Mantengo una amistosa discusión en la sala de profesores con un querido compañero y con una aún más querida compañera, sobre las maneras de leer. Para mí solo existe una posible. Si continúo con la lectura de un libro, continúo con todas las consecuencias. Acepto lo que el autor me propone sin más, intento siempre recibir, como decía C.S. Lewis, lo que el libro es en su totalidad o, bien, lo abandono definitivamente. No selecciono una parte sin leerla. Uno puede decir si algo merece la pena o no si lo ha leído, no puede descartarlo, no puede evaluarlo, sin  conocerlo. Mi compañero me asegura que a él, cuando un pasaje le aburre, no tiene escrúpulos en saltárselo. Intento hacerle entender que si no lo lee en su totalidad no puede discernir si eso, que en principio le aburre, recobrará un sentido más adelante que ni él sospecha; quizá, le digo, le reconfortará descubrir en las páginas sucesivas que ese esfuerzo esconde una satisfacción mucho mayor que ignorarlas.

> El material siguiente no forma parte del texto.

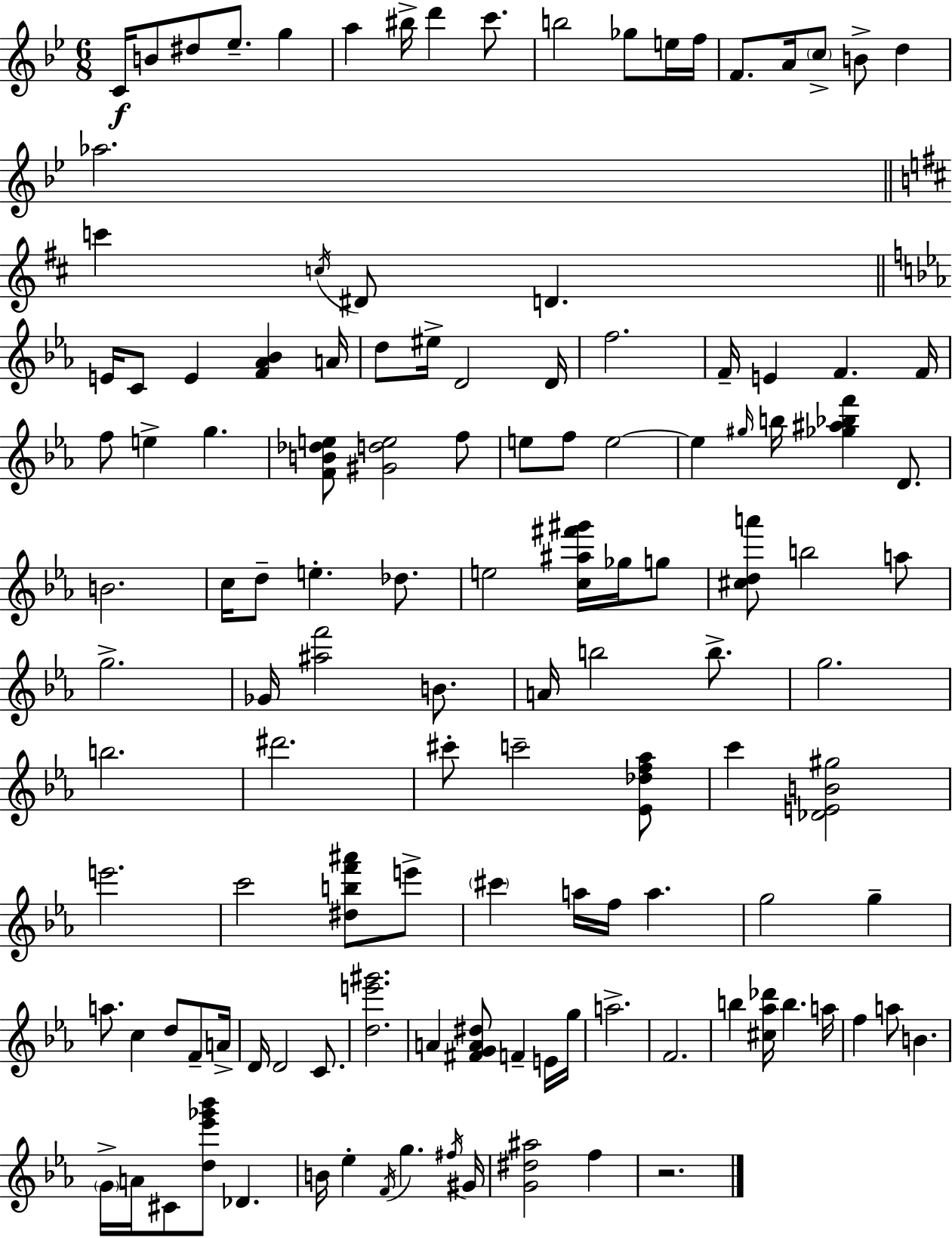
X:1
T:Untitled
M:6/8
L:1/4
K:Gm
C/4 B/2 ^d/2 _e/2 g a ^b/4 d' c'/2 b2 _g/2 e/4 f/4 F/2 A/4 c/2 B/2 d _a2 c' c/4 ^D/2 D E/4 C/2 E [F_A_B] A/4 d/2 ^e/4 D2 D/4 f2 F/4 E F F/4 f/2 e g [FB_de]/2 [^Gde]2 f/2 e/2 f/2 e2 e ^g/4 b/4 [_g^a_bf'] D/2 B2 c/4 d/2 e _d/2 e2 [c^a^f'^g']/4 _g/4 g/2 [^cda']/2 b2 a/2 g2 _G/4 [^af']2 B/2 A/4 b2 b/2 g2 b2 ^d'2 ^c'/2 c'2 [_E_df_a]/2 c' [_DEB^g]2 e'2 c'2 [^dbf'^a']/2 e'/2 ^c' a/4 f/4 a g2 g a/2 c d/2 F/2 A/4 D/4 D2 C/2 [de'^g']2 A [^FGA^d]/2 F E/4 g/4 a2 F2 b [^c_a_d']/4 b a/4 f a/2 B G/4 A/4 ^C/2 [d_e'_g'_b']/2 _D B/4 _e F/4 g ^f/4 ^G/4 [G^d^a]2 f z2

Pienso en la falta de paciencia, en esa selección y opinión apresurada que tenemos del mundo... y también de las lecturas...
Leo, justo hoy, en una novela que acabo de retomar (...) la literatura, el oficio, el gusto de leerla, también es, en el fondo, una cosa algo rancia y bastante artesanal, un trabajo lento y solitario que no interesa a demasiadas personas y en el que siempre tiene que haber un punto de entrega gratuita y azarosa, de devoción íntima.
No sé... no me gustaría llegar a conclusiones tan lastimosas...
De lo que sí estoy convencido es de que la lectura se parece mucho a una contemplación callada del mundo y de que ayuda a acercarse a este con una actitud más desprendida y noble.